95 groups ink agriculture unity statement

Published by rudy Date posted on May 29, 2021

By: Ernesto M. Ordoñez, Philippine Daily Inquirer, 29 May 2021

On May 14, a total of 95 private sector organizations held numerous consultations, then conducted a National Farmer–Fisherfolk Congress. They subsequently signed a “Unity Statement in Saving the Plunging Livelihood of Filipino Farmers and Fisherfolk and Addressing the Critical Situation of Philippine Agriculture and Food Security.”

On May 18-19, a number of these organizations participated in the government-sponsored 2021 National Food Security Summit which carried the theme “Food for Today and Beyond: Transforming Philippine Agriculture.”

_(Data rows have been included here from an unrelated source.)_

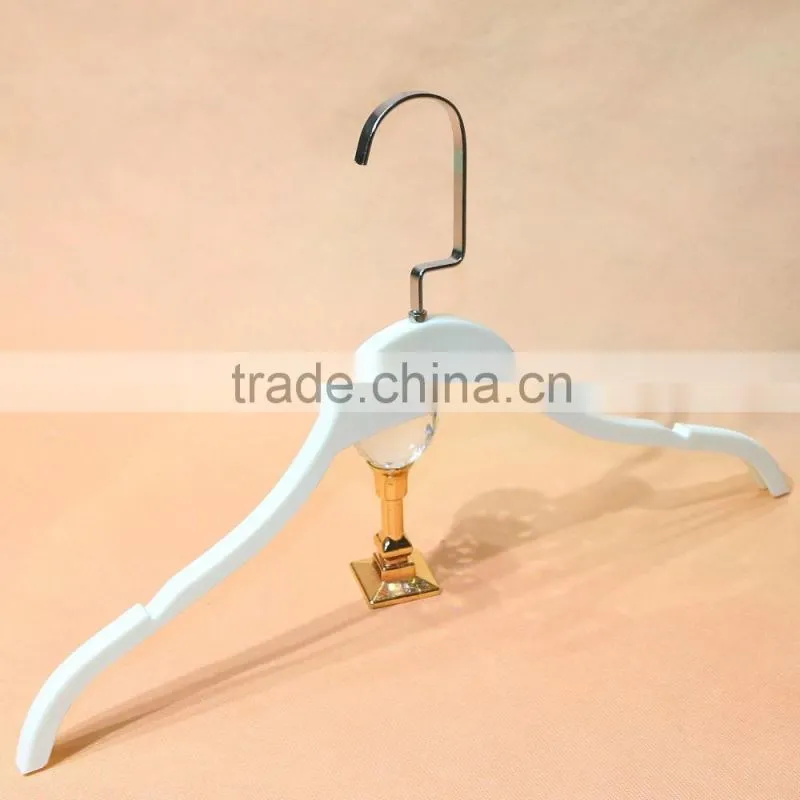 Wholesale thin plastic hanger for clothes display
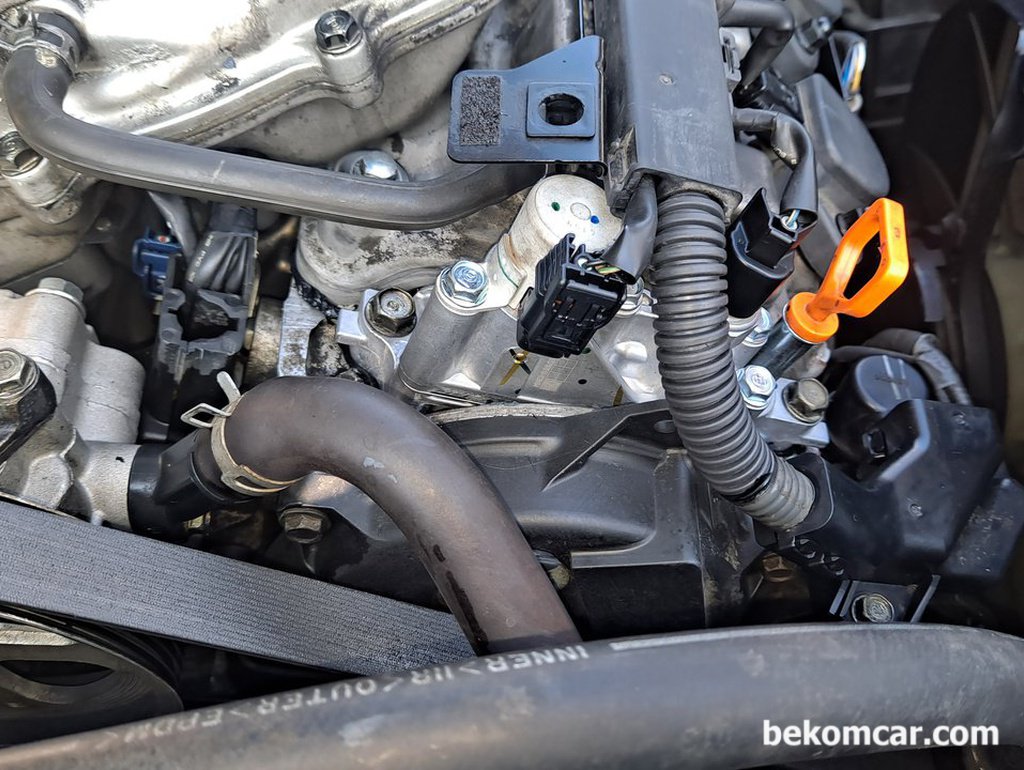혼다 어코드 VVT 스풀벨브 누유, 스풀벨브 어셈블리 교환|بيكومكار  (bekomcar)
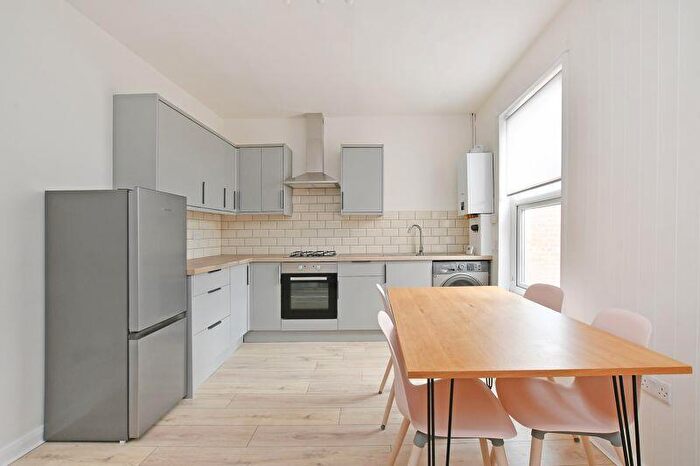 2 Bedroom Flat To Rent In Abbeydale Road, Sheffield, S7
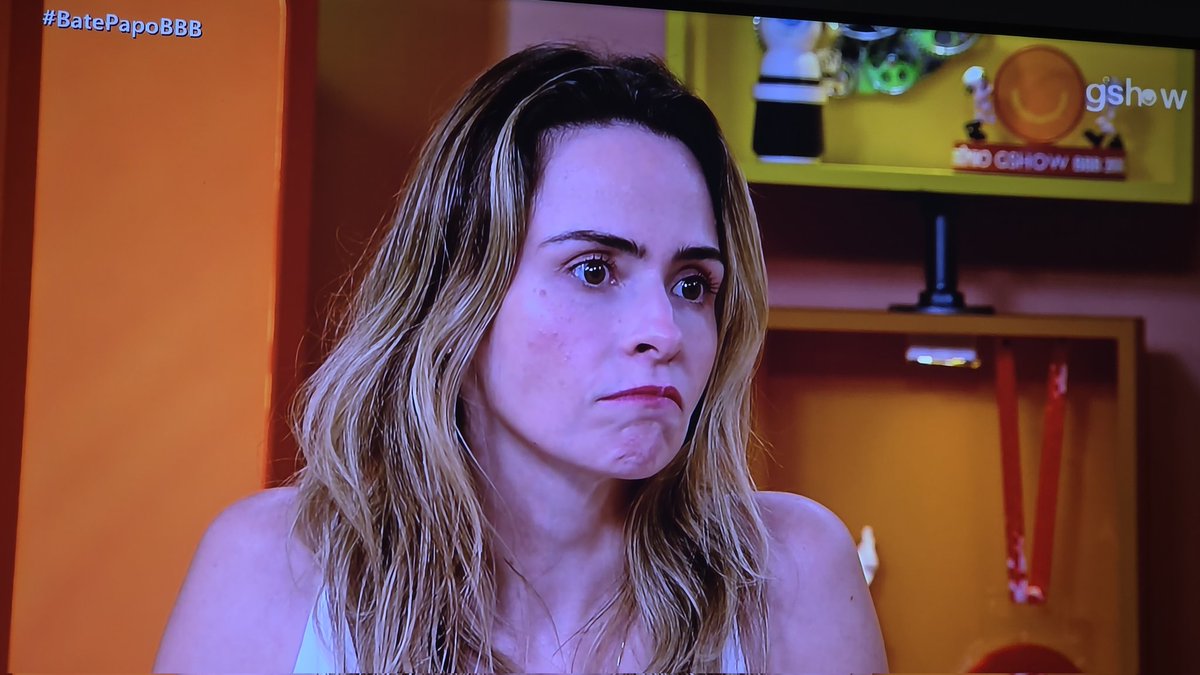 henriquevyana's tweet image. ANA PAULA CAMPEÃ!
MUITO FELIZ, REAAAAAAAAAAAAAAAAAAAAAAL!!! 👑🔥🥂
@bbb #bbb22 #AnaPaulaCampeã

When a farmer leader was asked why a separate Congress was held when there was already a planned Summit, he replied: “The Summit’s plenary speakers were mostly economists, with no farmer or fisherfolk leader speaking. We were afraid our voices would not be heard. Nevertheless, many of us participated and submitted our Congress’ recommendations for Summit consideration. Since we are the ones who produce our food, we could not afford to be ignored.”

In this article, we will take up key points from the Farmer- Fisherfolk Congress. Next time, we will discuss the benefits of the Food Security Summit and how it addressed some of the issues raised by the Congress. The good news is the Summit synthesis delivered by Coalition for Agriculture Modernization in the Philippines chair Emil Javier offered good directions consistent with key recommendations from the Farmer-Fisherfolk Congress. Whether these directions will be Nato (No action, talk only), or result in the transformation the Summit had promised will depend on our attitude. If we are skeptical and expect nothing, both the Congress and the Summit will be failures. But if we unite, we will achieve the success our agriculture needs.

Here are important quotes from the Farmer-Fisherfolk Congress Unity statement:

Current situation: “Farmers, fisherfolk, individuals and children residing in the rural area post the highest poverty incidences. Interventions did not change the unfavorable system to farmers and fisherfolk—mostly addressing the supply in the market while poorly addressing the development of local producers.”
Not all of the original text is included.